# Hedonic Pricing

We often try to predict the price of an asset from its observable characteristics. This is generally called **hedonic pricing**: How do the unit's characteristics determine its market price?

In the lab folder, there are three options: housing prices in pierce_county_house_sales.csv, car prices in cars_hw.csv, and airbnb rental prices in airbnb_hw.csv. If you know of another suitable dataset, please feel free to use that one.

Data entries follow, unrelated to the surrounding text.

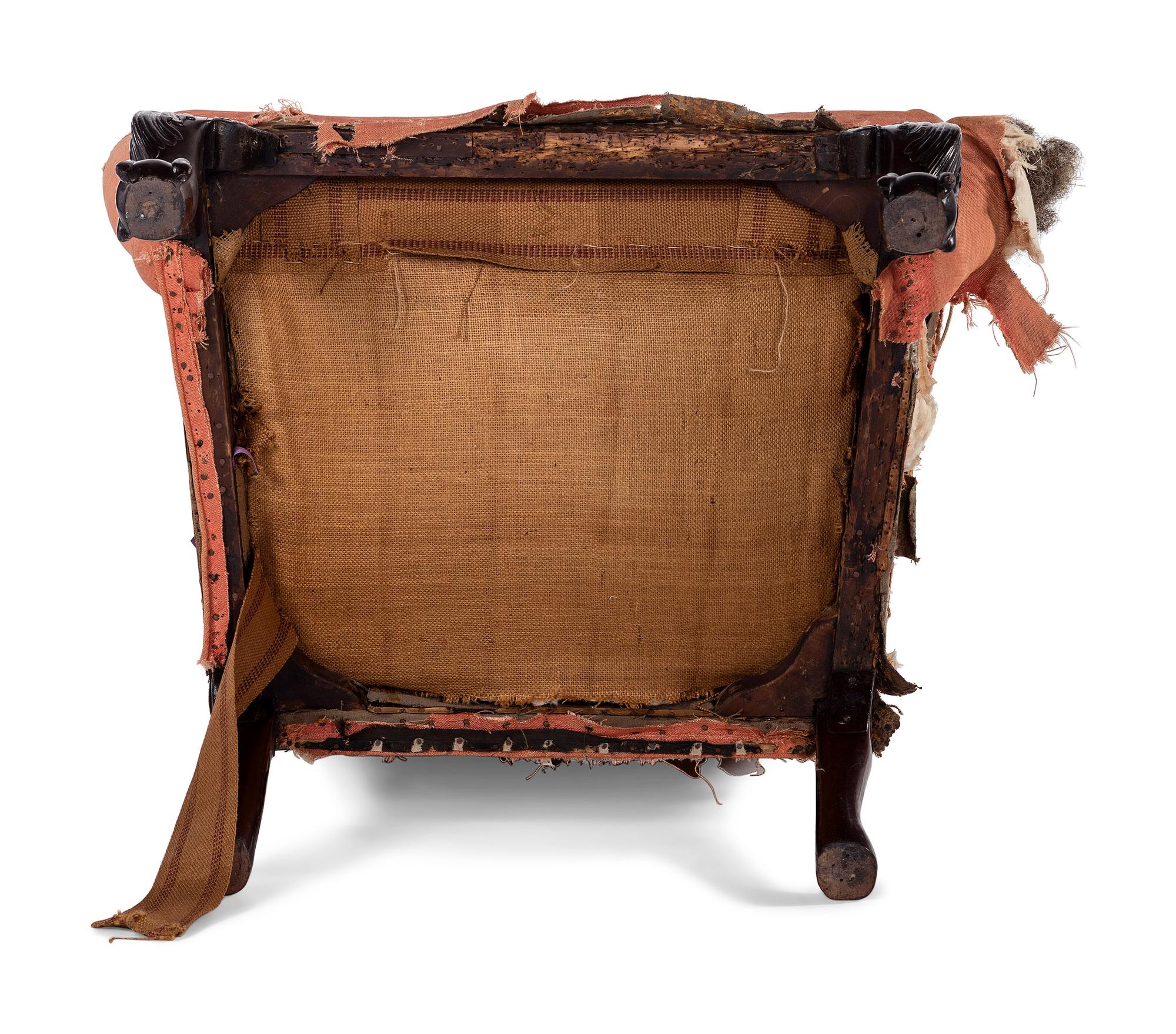 A George II Carved Mahogany Claw-and-Ball Foot Easy Chair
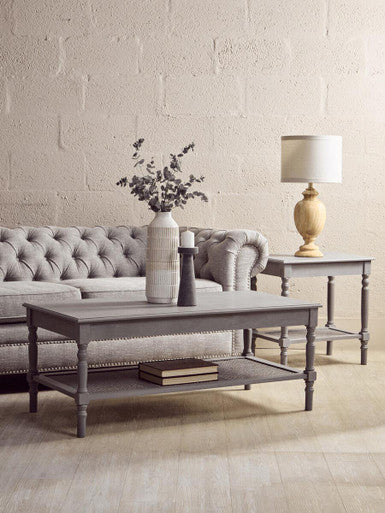 Heritage Grey Wash Wooden Side Table with Rattan Shelf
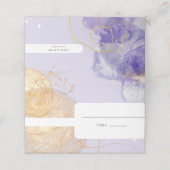 Luxe Paars & Gouden Abstracte Trouw Plaatskaartje (Buitenkant ongevouwen)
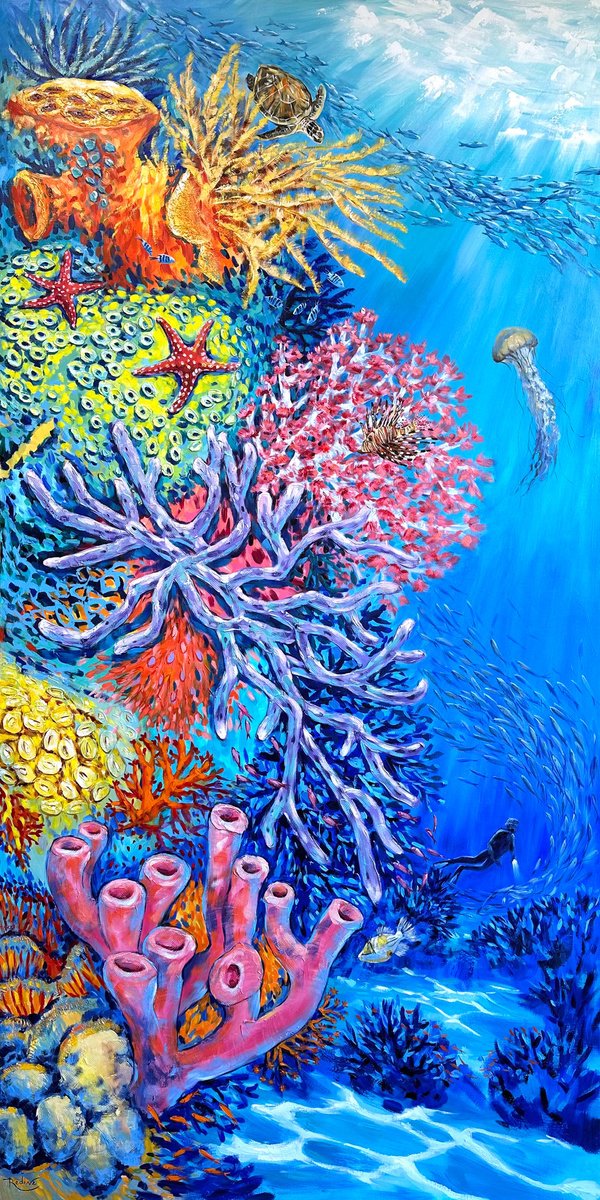 Impressionistic Landscape Acrylic Painting By Irina Redine, 36 X 72, Coral Reef Wonder, Original Artwork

1. Clean the data and perform some EDA and visualization to get to know the data set.
2. Transform your variables --- particularly categorical ones --- for use in your regression analysis.
3. Implement an ~80/~20 train-test split. Put the test data aside.
4. Build some simple linear models that include no transformations or interactions. Fit them, and determine their RMSE and $R^2$ on the both the training and test sets. Which of your models does the best?
5. Make partial correlation plots for each of the numeric variables in your model. Do you notice any significant non-linearities?
6. Include transformations and interactions of your variables, and build a more complex model that reflects your ideas about how the features of the asset determine its value. Determine its RMSE and $R^2$ on the training and test sets. How does the more complex model your build compare to the simpler ones?
7. Summarize your results from 1 to 6. Have you learned anything about overfitting and underfitting, or model selection?
8. If you have time, use the sklearn.linear_model.Lasso to regularize your model and select the most predictive features. Which does it select? What are the RMSE and $R^2$? We'll cover the Lasso later in detail in class.

In [None]:
import pandas as pd
import numpy as np
import matplotlib.pyplot as plt
import seaborn as sns

In [None]:
df = pd.read_csv('cars_hw.csv')

In [None]:
# Display basic information about the dataset
print(df.info())
print(df.describe())


# Check for missing values
print(df.isnull().sum())

# Handle missing values (example: fill with mean)
# For demonstration, let's fill missing 'price' with the mean price
if 'price' in df.columns and df['price'].isnull().any():
  df['price'].fillna(df['price'].mean(), inplace=True)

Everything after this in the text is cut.